Der Politikwissenschaftler Allan Lichtman meint: “Die Republikaner müssen einen Weg finden, vielfältiger zu werden. Sie haben sich bisher mehr oder weniger auf weiße, protestantische Wähler verlassen . Das ist aber eine schrumpfende Basis in einem vielfältiger werdenden Land.”

Nach 8 Jahren Bush geht die Debatte mitten durch die Partei – wobei eine Partei in den USA viel umfassender als in Europa als Koalition verschiedener Interessengruppen zu verstehen ist. Wo durch das Mehrheitswahlsystem immer nur eine Partei regiert, hat Koalitionsbildung vorher innerhalb jeder einzelnen Partei stattgefunden.

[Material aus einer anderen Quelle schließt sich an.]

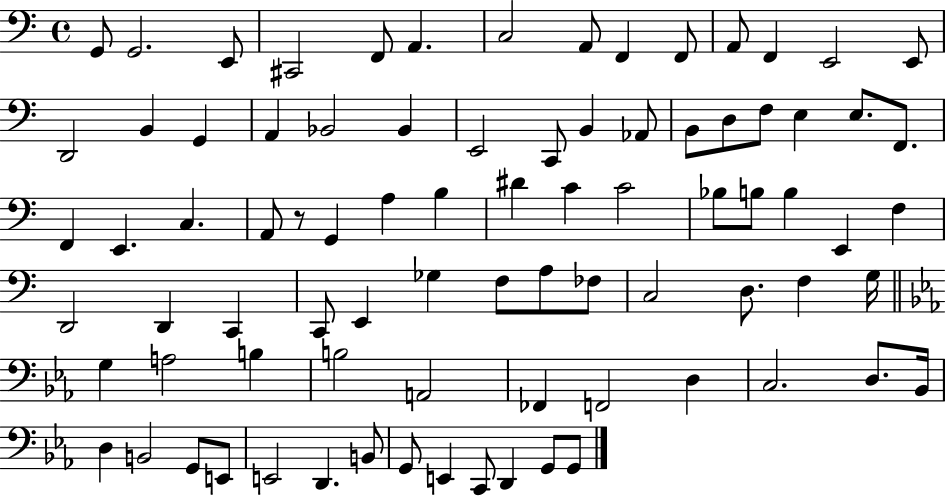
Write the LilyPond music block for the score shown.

{
  \clef bass
  \time 4/4
  \defaultTimeSignature
  \key c \major
  g,8 g,2. e,8 | cis,2 f,8 a,4. | c2 a,8 f,4 f,8 | a,8 f,4 e,2 e,8 | \break d,2 b,4 g,4 | a,4 bes,2 bes,4 | e,2 c,8 b,4 aes,8 | b,8 d8 f8 e4 e8. f,8. | \break f,4 e,4. c4. | a,8 r8 g,4 a4 b4 | dis'4 c'4 c'2 | bes8 b8 b4 e,4 f4 | \break d,2 d,4 c,4 | c,8 e,4 ges4 f8 a8 fes8 | c2 d8. f4 g16 | \bar "||" \break \key ees \major g4 a2 b4 | b2 a,2 | fes,4 f,2 d4 | c2. d8. bes,16 | \break d4 b,2 g,8 e,8 | e,2 d,4. b,8 | g,8 e,4 c,8 d,4 g,8 g,8 | \bar "|."
}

Und diese ständige Auseinandersetzung wird durch eine so klare Wahlniederlage enorm angeheizt. Man wird es bei den Republikaner in nächster Zeit zwangsläufig auch mit anderen Führungspersönlichkeiten zu tun bekommen.

Der Politkwissenschaftler Allan Lichtman nennt Namen: “ Es könnte durchaus sein, daß Sarah Palin eine wichtige Führungsrolle in der Repubikanischen Partei übernehmen wird, weil sie eine Frau ist. Und damit verkörpert sie zumindest die Möglichkeit einer breiter gefächerten Partei – aber sie muß ihre Herangehensweise ändern, denn die spricht bisher nur die republikanische Basis an.”

Der Erfolg von Parteien hängt nun mal von deren Fähigkeit ab, rechtzeitig auf Entwicklungen in der Gesellschaft zu reagieren.